| Your goal |
Restate, word for word and with no pictures, the stretch of lines in the data below that begins at the line with "2025 FangChengBao Bao" and ends at the line with "ホテル Lake Lure", inclusive.

--- Supplied information ---

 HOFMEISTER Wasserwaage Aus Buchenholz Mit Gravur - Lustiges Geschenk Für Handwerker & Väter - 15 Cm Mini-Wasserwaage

---
--- Supplied information ---

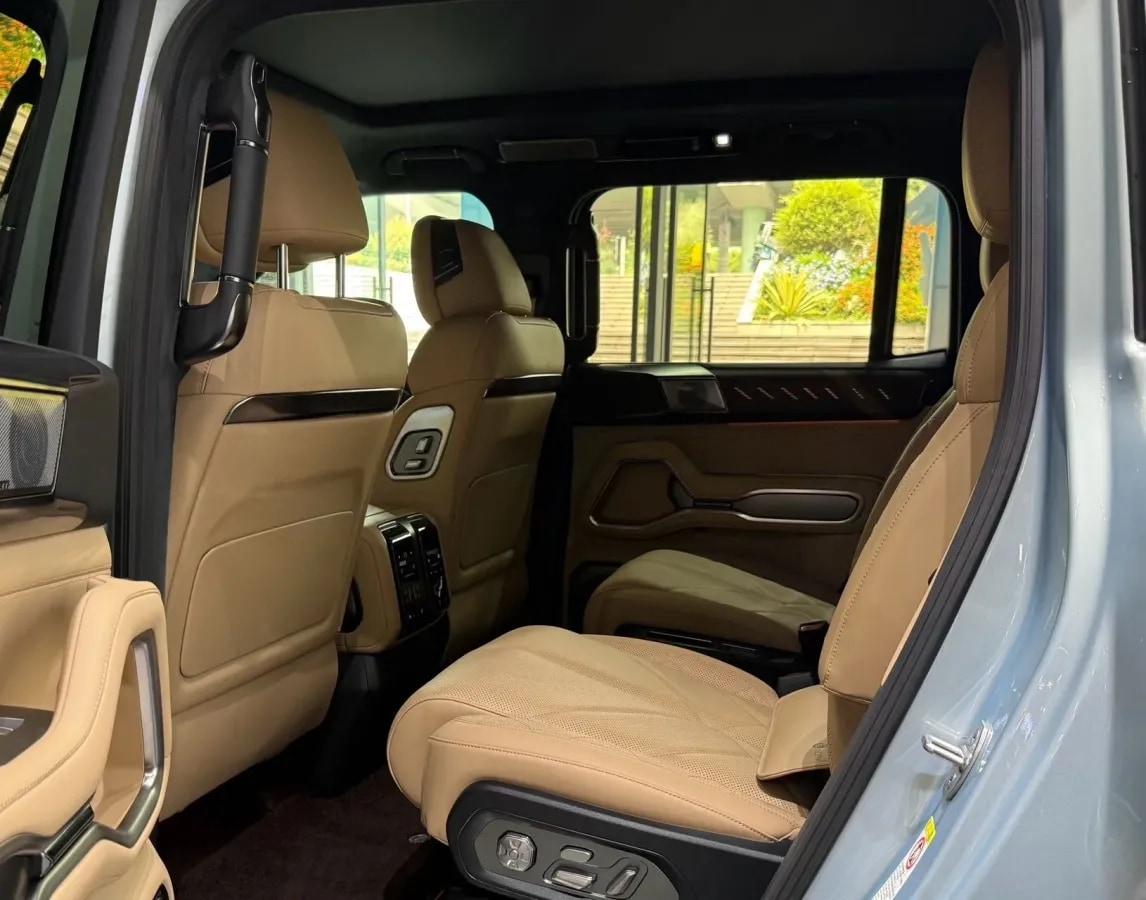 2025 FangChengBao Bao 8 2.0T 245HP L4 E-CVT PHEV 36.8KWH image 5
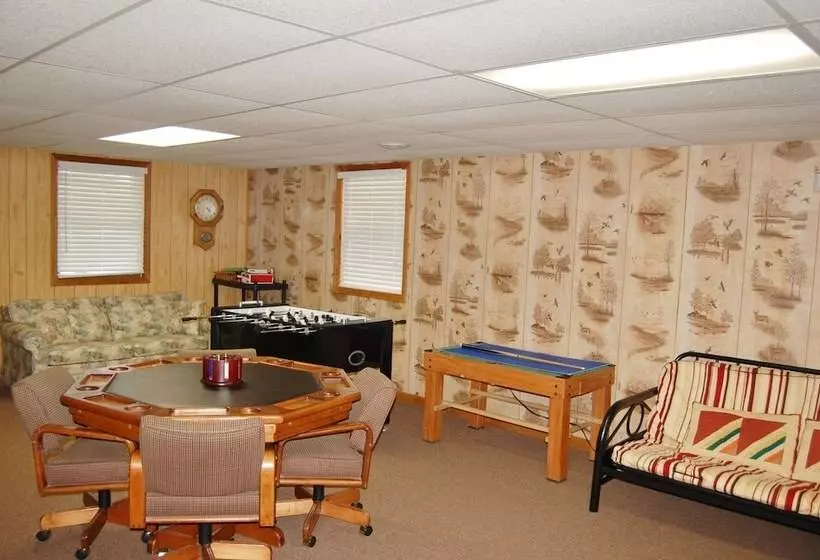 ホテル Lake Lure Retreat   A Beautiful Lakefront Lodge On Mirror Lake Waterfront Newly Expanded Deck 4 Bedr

---

| Solution |
 2025 FangChengBao Bao 8 2.0T 245HP L4 E-CVT PHEV 36.8KWH image 5
 ホテル Lake Lure Retreat   A Beautiful Lakefront Lodge On Mirror Lake Waterfront Newly Expanded Deck 4 Bedr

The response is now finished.